Trekking to Langtang

AFTER Everest and Annapurna, Langtang is Nepal’s third most popular trekking area but a world away from the busy teahouses and crowds on those routes. And thanks to its location north of Kathmandu towards the Chinese border it’s also very different culturally with a heavy Tibetan and Buddhist influence in the region.

Langtang was apparently discovered by a lama who followed a runaway yak into the valley – yak is lang in Tibetan and teng means to follow. And indeed yaks still inhabit the valley and are sometimes your only company along the way. Yak cheese (actually it should be called nak cheese as this is the female animal), curd and milk are some of the excellent products on sale along the way.

Yak are commonly seen along the track. Pic: Joanne Lane,

Most trekkers start the route up the Langtang Valley from Syabrubesi, following the river for three days through pine, bamboo and rhododendron forests. The track ascends pastures to the alpine meadows of Khanjim Gompa where there are outstanding mountain views, glaciers and day hikes to enjoy.

There are a number of permanent settlements along the way, the largest being at Langtang that is heavily adorned with prayer flags. After Lama Hotel the valley really opens up and passes numerous mani walls that are inscribed with the mantra “om mani padme hum” meaning “hail to the jewel in the lotus”. These should be passed on the left side, the direction in which the earth revolves, and are placed as an offering to spirits and devotional in nature.

A mani wall after Langtang. Pic: Joanne Lane,

The last place to stay, Khanjim Gompa, is only 3860m, meaning it’s not a high-altitude hike for those concerned about difficulties with altitude. However, peaks that can be climbed in the area immediately surrounding do reach 4600m and 4984m. Other day walks in this area include nearby glaciers and alpine valleys such as Langshisha Karka which is a little over 4000m. There’s also an excellent nak cheese factory in the village and a monastery.

The view of mountains rising above Khanjim Gompa. Pic: Joanne Lane,

The Lantang Valley trek can also be extended by following the Tamang Heritage trail and enjoying homestays and local culture or by taking a pass to the holy lakes of Gosainkund. This is best not attempted when there has been a lot of snow. Locals will advise if you don’t have a guide.

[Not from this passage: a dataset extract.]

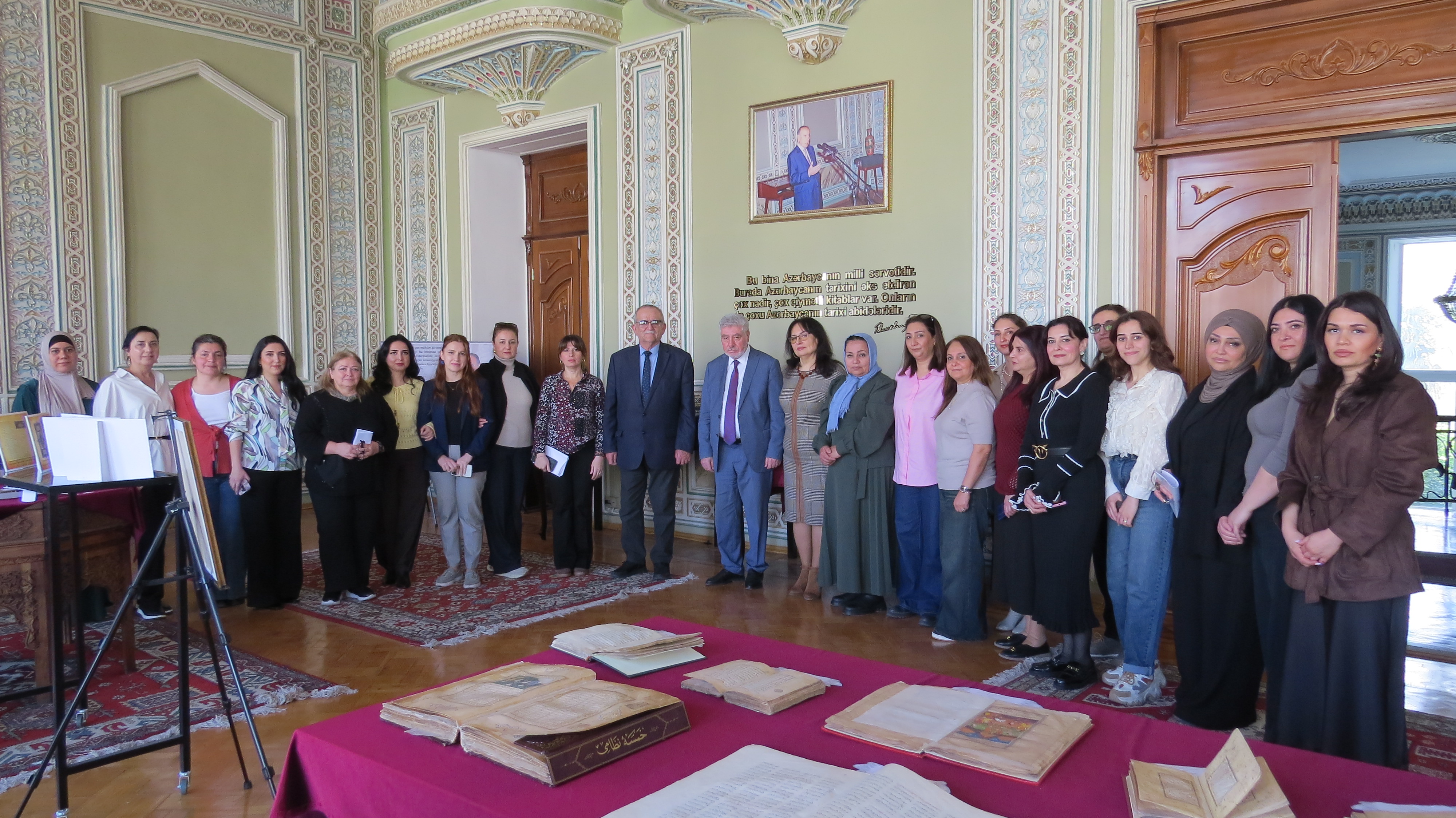 Əlyazmalar İnstitutunda “Nizami Gəncəvi motivləri əlyazma və...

A Tamang woman and her baby at a homestay in Briddim. Pic: Joanne Lane,

While a guide is not required to find the trail, nor required by Nepali authorities, they are an excellent source of information about local culture and a good safety option for trekkers traveling alone, particularly in light of some recent cases of people going missing in this region. They can also advise on local weather and conditions over the passes. A TIMS permit is required to trek the region and you must also pay a national parks access fee. Your guide will organise these or you can get them in Kathmandu from the  Tourist Service Centre. The national parks fee can also be paid when entering Langtang.